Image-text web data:
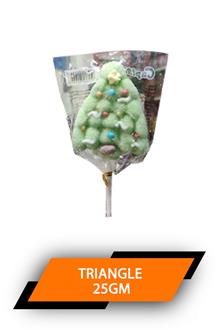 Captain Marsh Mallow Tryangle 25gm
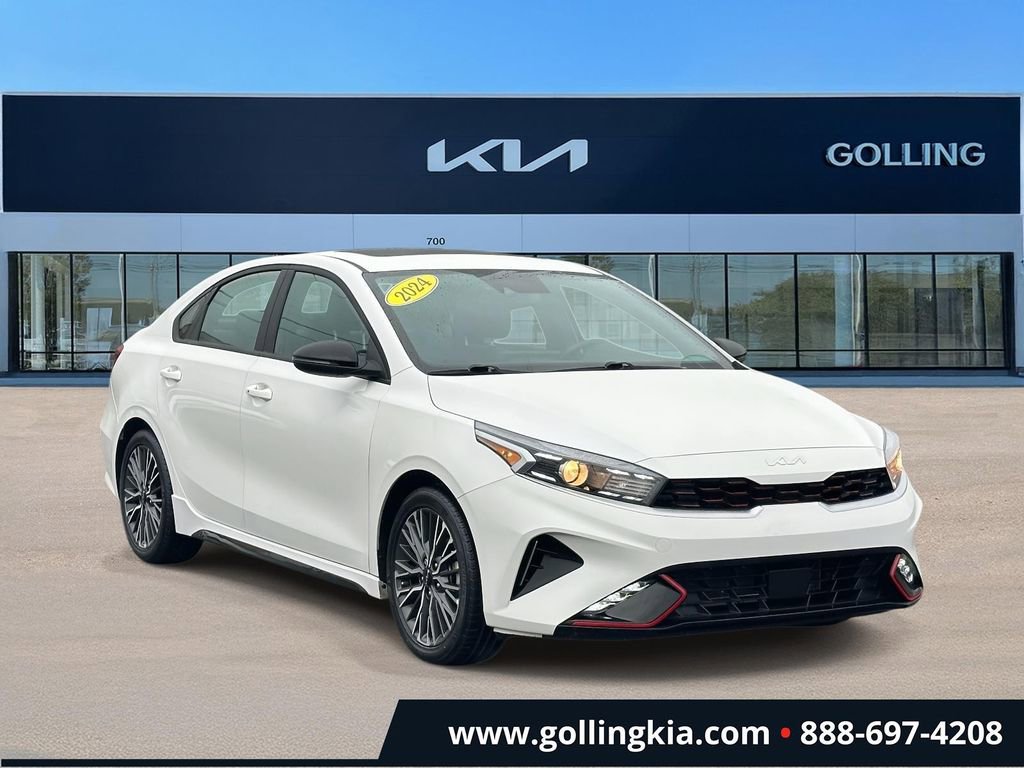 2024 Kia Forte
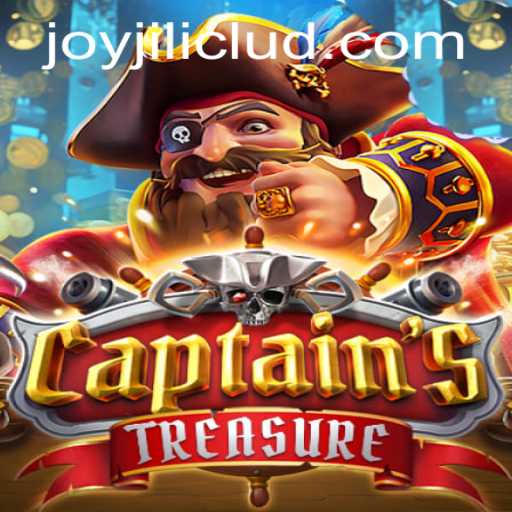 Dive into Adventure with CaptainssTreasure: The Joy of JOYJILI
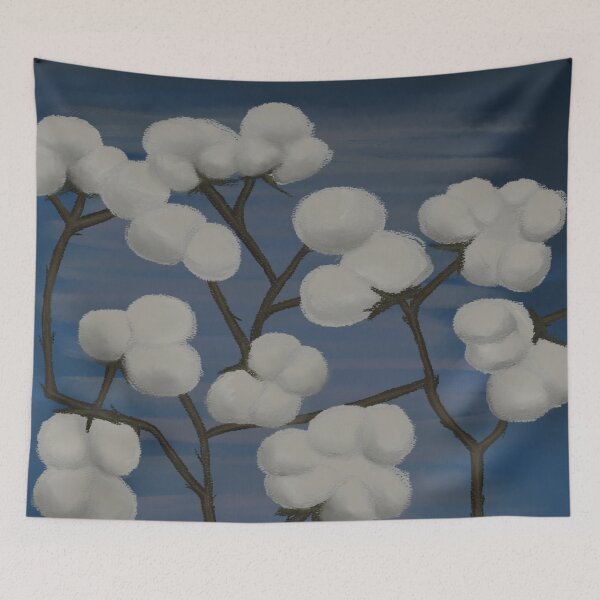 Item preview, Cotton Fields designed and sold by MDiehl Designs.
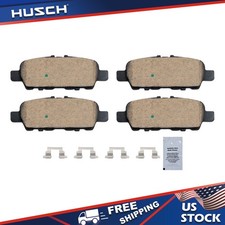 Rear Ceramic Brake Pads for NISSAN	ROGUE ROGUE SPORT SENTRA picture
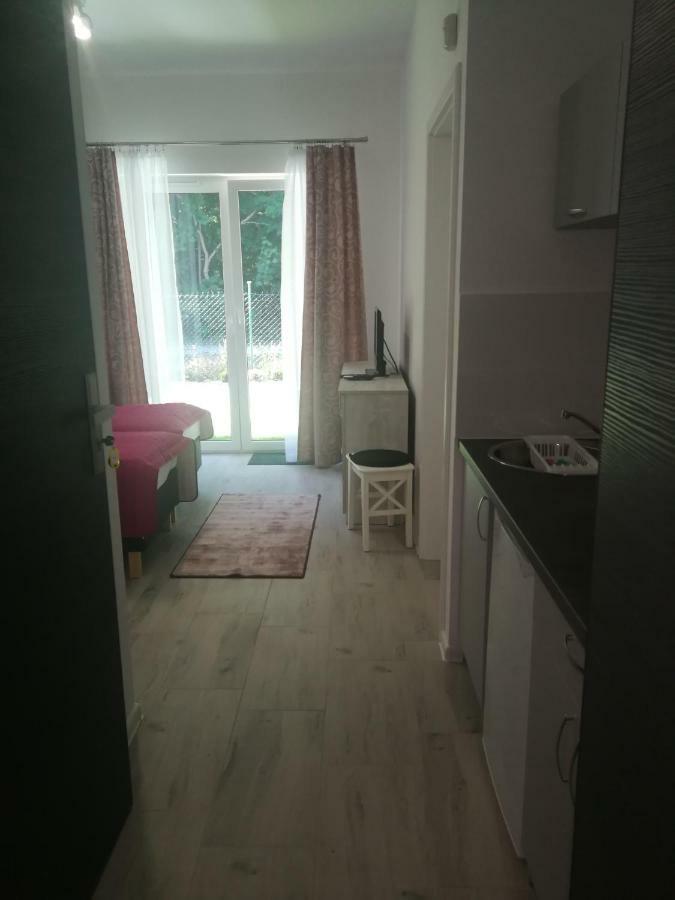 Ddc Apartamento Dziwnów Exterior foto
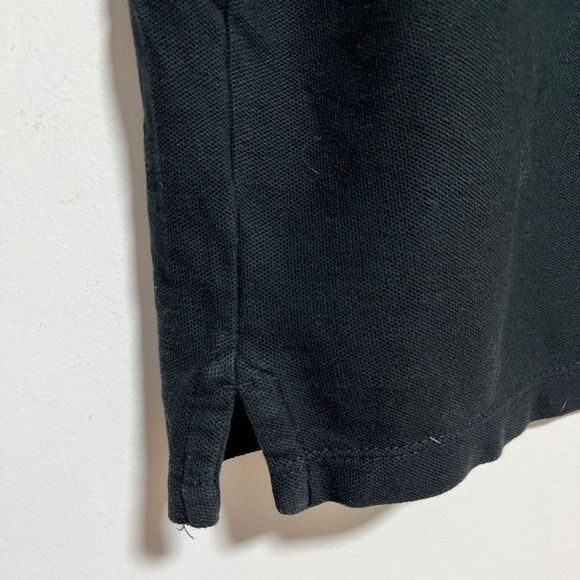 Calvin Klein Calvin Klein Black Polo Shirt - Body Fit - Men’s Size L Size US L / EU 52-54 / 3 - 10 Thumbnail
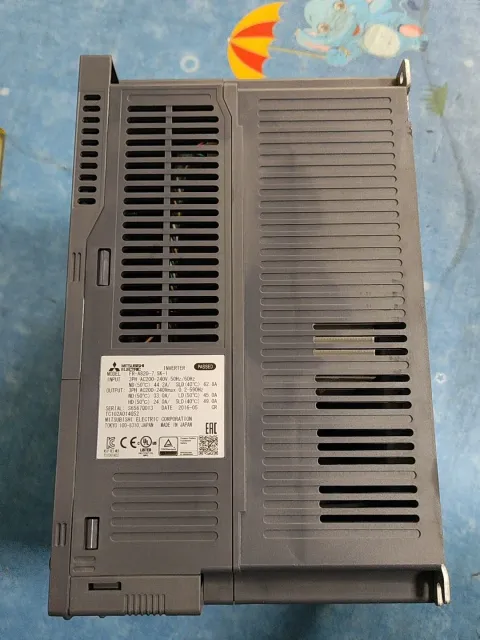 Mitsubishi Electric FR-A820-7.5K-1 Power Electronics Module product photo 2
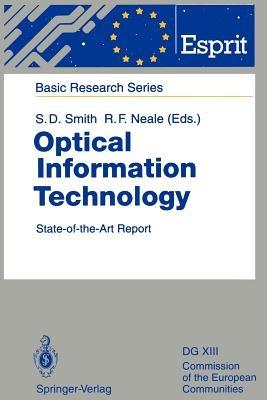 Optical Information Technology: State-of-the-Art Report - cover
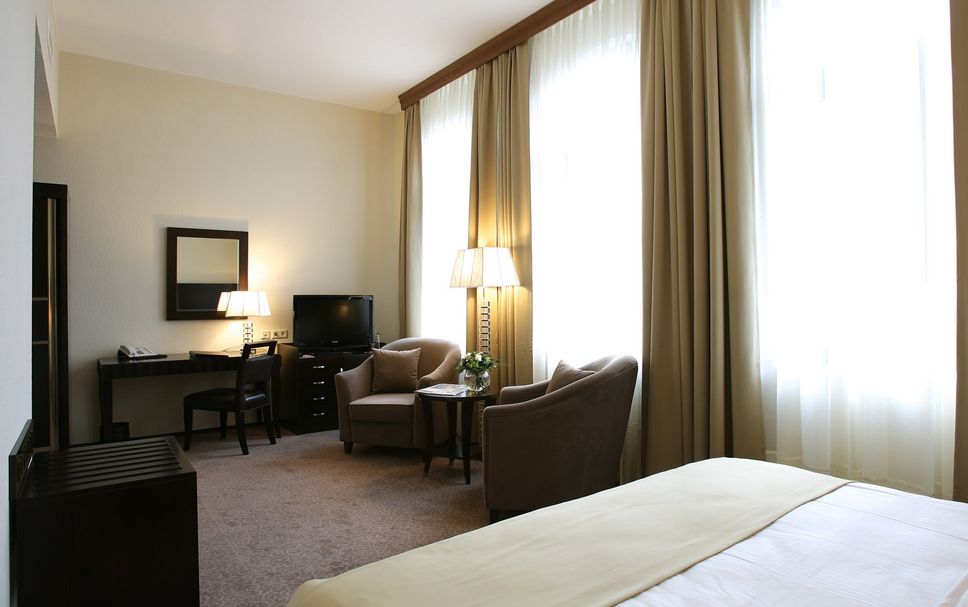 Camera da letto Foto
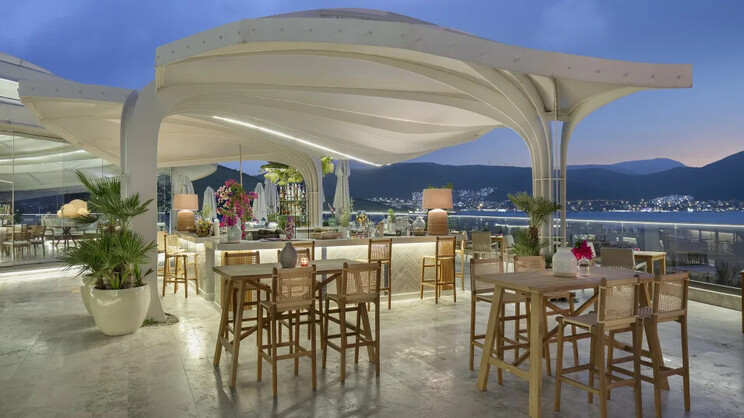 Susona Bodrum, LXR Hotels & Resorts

[What the exercise asks] Leaving out the pictures, repeat all of the entries exactly.

[Result for this task]
 Captain Marsh Mallow Tryangle 25gm
 2024 Kia Forte
 Dive into Adventure with CaptainssTreasure: The Joy of JOYJILI
 Item preview, Cotton Fields designed and sold by MDiehl Designs.
 Rear Ceramic Brake Pads for NISSAN	ROGUE ROGUE SPORT SENTRA picture
 Ddc Apartamento Dziwnów Exterior foto
 Calvin Klein Calvin Klein Black Polo Shirt - Body Fit - Men’s Size L Size US L / EU 52-54 / 3 - 10 Thumbnail
 Mitsubishi Electric FR-A820-7.5K-1 Power Electronics Module product photo 2
 Optical Information Technology: State-of-the-Art Report - cover
 Camera da letto Foto
 Susona Bodrum, LXR Hotels & Resorts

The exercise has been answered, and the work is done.